Author Chetan Bhagat feels that the government policy of keeping the education sector non-profit is not good for the country's education system. Speaking to The Hindu in the run-up to the release of his fifth novel, “Revolution 2020: Love. Corruption. Ambition,” Mr. Bhagat said: “The government policy is that the private institutes should be run by non-profit trusts. As a result, credible corporates don't venture into the education sector because the shareholders want profit. The government believes that you should not make money from education. This has led to a situation where a lot of people who have black money have ventured into the sector. They take out the money illegally in cash and on paper maintain the no-profit status.”
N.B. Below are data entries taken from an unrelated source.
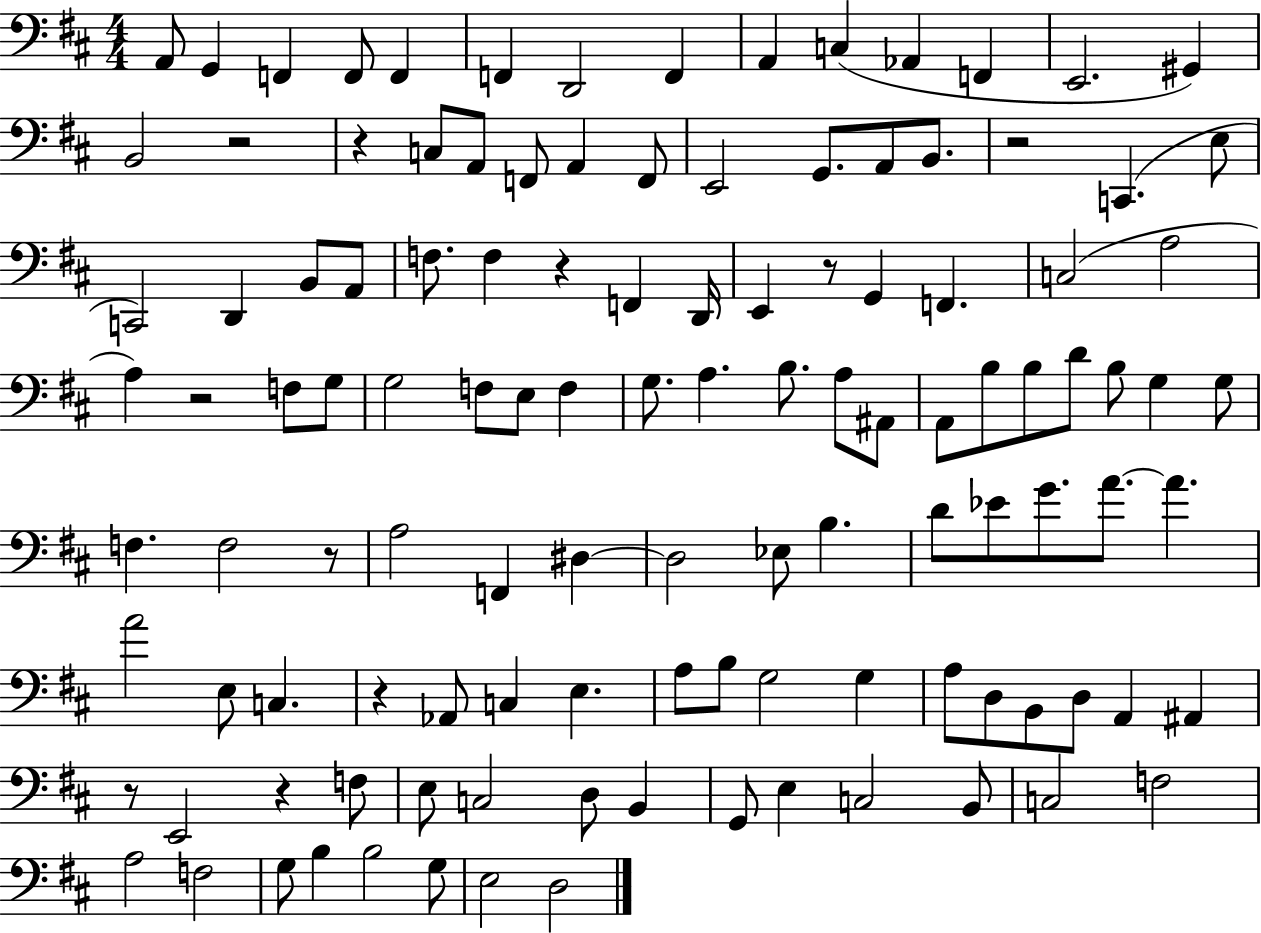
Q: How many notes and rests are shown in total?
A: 117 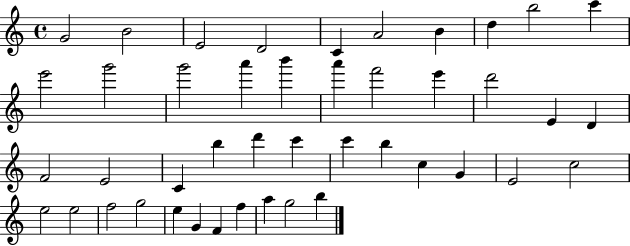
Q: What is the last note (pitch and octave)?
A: B5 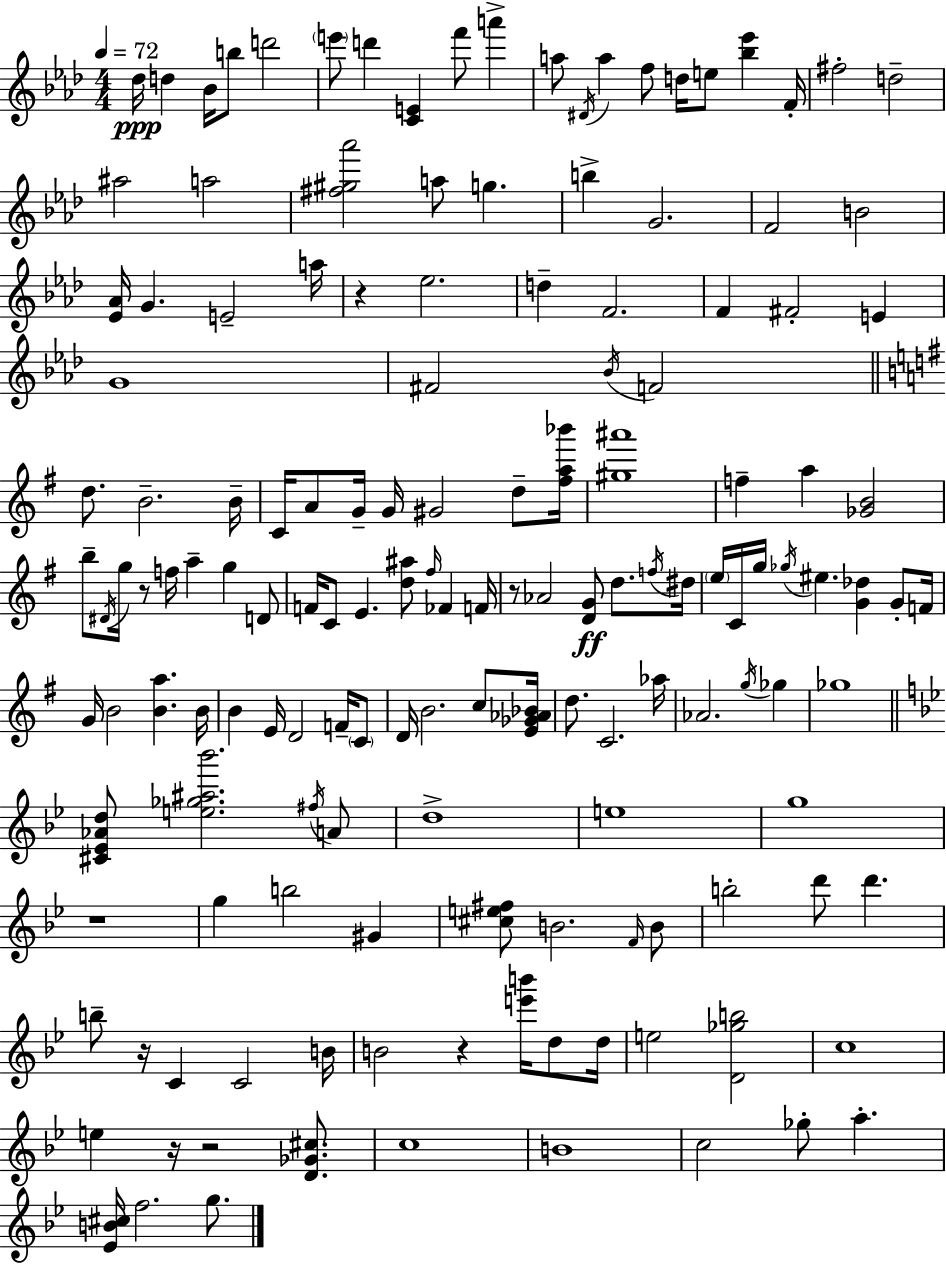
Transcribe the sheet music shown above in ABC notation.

X:1
T:Untitled
M:4/4
L:1/4
K:Ab
_d/4 d _B/4 b/2 d'2 e'/2 d' [CE] f'/2 a' a/2 ^D/4 a f/2 d/4 e/2 [_b_e'] F/4 ^f2 d2 ^a2 a2 [^f^g_a']2 a/2 g b G2 F2 B2 [_E_A]/4 G E2 a/4 z _e2 d F2 F ^F2 E G4 ^F2 _B/4 F2 d/2 B2 B/4 C/4 A/2 G/4 G/4 ^G2 d/2 [^fa_b']/4 [^g^a']4 f a [_GB]2 b/2 ^D/4 g/4 z/2 f/4 a g D/2 F/4 C/2 E [d^a]/2 ^f/4 _F F/4 z/2 _A2 [DG]/2 d/2 f/4 ^d/4 e/4 C/4 g/4 _g/4 ^e [G_d] G/2 F/4 G/4 B2 [Ba] B/4 B E/4 D2 F/4 C/2 D/4 B2 c/2 [E_G_A_B]/4 d/2 C2 _a/4 _A2 g/4 _g _g4 [^C_E_Ad]/2 [e_g^a_b']2 ^f/4 A/2 d4 e4 g4 z4 g b2 ^G [^ce^f]/2 B2 F/4 B/2 b2 d'/2 d' b/2 z/4 C C2 B/4 B2 z [e'b']/4 d/2 d/4 e2 [D_gb]2 c4 e z/4 z2 [D_G^c]/2 c4 B4 c2 _g/2 a [_EB^c]/4 f2 g/2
Mr. Bhagat maintains that in India only if you are in the top 10 percent can you get to study in a good college. “Otherwise you just fall off the cliff. Over the years, the number of applicants has outpaced the number of prestigious institutions. It is leading to ridiculous things like 100 per cent cut-offs and it needs to be fixed.”
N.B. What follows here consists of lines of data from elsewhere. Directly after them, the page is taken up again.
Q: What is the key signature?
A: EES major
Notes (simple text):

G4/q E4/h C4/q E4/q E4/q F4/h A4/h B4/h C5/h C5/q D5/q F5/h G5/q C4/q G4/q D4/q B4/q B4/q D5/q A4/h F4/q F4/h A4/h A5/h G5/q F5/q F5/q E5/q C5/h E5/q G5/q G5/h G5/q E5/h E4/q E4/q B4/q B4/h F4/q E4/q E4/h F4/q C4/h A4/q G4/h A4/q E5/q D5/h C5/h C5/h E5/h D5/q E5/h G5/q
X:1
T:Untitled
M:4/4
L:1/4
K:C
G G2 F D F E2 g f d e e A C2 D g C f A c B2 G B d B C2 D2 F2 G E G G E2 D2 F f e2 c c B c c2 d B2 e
Talking about the privatisation of education, Mr. Bhagat alleged that the wrong set of people was opening colleges. “The sari shop owners, the mithaiwalas , the liquor barons…they don't have any commitment towards education. I am not against commercialisation but I am against corruption. Commercialisation is going to make it sustainable, so it is fine.” Asked whether the government should move out from the education sector, Mr. Bhagat said it should not but it can't meet the demand. “The private participation is a must but it should be done in a way that the right kind of people come forward. If a professor wants to open a college, he should be able to do it but today he can't because he has to be corrupt at every level. The non-profitability clause should go away. It costs hundreds of crores to establish a university. People are not going to establish educational institutes for the goodness of their heart.”
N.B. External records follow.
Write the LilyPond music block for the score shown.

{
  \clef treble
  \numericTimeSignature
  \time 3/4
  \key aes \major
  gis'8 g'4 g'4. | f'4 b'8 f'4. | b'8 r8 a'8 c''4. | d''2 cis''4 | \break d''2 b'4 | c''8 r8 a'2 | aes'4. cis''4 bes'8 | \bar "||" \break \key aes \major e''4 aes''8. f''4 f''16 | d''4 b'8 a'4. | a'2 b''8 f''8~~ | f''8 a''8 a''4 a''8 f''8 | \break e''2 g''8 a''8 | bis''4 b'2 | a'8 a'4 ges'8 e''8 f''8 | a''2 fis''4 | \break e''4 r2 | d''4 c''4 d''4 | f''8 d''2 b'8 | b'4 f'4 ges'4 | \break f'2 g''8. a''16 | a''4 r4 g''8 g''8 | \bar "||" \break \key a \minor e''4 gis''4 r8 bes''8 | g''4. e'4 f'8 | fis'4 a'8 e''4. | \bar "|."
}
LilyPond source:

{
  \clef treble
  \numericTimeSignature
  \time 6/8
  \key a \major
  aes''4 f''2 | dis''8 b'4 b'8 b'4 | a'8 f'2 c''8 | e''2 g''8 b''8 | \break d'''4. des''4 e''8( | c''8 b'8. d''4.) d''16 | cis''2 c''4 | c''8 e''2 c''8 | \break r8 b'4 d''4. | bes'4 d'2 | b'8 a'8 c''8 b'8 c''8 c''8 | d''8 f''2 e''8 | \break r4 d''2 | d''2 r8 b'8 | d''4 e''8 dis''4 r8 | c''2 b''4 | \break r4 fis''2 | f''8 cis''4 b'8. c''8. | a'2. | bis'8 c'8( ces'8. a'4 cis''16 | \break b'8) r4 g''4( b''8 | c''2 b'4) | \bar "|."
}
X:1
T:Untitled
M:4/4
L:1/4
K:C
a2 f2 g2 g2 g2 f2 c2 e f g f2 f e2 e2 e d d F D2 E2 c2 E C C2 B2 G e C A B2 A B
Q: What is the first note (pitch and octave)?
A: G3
Set in Varanasi, “Revolution 2020,” is a love story with the corruption in education system forming the backdrop. Mr. Bhagat says that the system hasn't made an effort to understand small-town India. “We don't seem to be interested in understanding anything that is non-elite. Votes are coming from there but the power, the media is concentrated on the top three four per cent and then we ask why they are not coming along with the progressive India.”
Small towns ‘exciting'
As a writer, he says small towns are exciting because of the conflict that still exists in society. “They are exposed to love marriages through TV and films but in their real lives it is still a rarity. In the book, the boy and girl enter the film theatre separately and leave separately. You can't have this sort of tension in a metropolis,” says Mr. Bhagat, who travelled to Varanasi four times for research.
He says for years publishers also missed small-town India. “I not only get my stories from small towns but also readership. The publishers were not aware that they could sell English novels in Varanasi. It was an ignored readership, which everyone has now woken up to. Many people tell me, ‘yours is the first English novel that we have read.'” His books generally don't find favour with literary critics, but Mr. Bhagat has made peace with the criticism. “Earlier, I used to feel judged. Now I have made peace as you can't talk about contemporary Indian literature without mentioning my name. I may not be talked about in elite circuits but that's what I am not all about. When you have music and cinema that are watched by masses, why can't we have books that are read by the common man without being judged,” says Mr. Bhagat, whose two books have been adapted into films and a third is in the pipeline.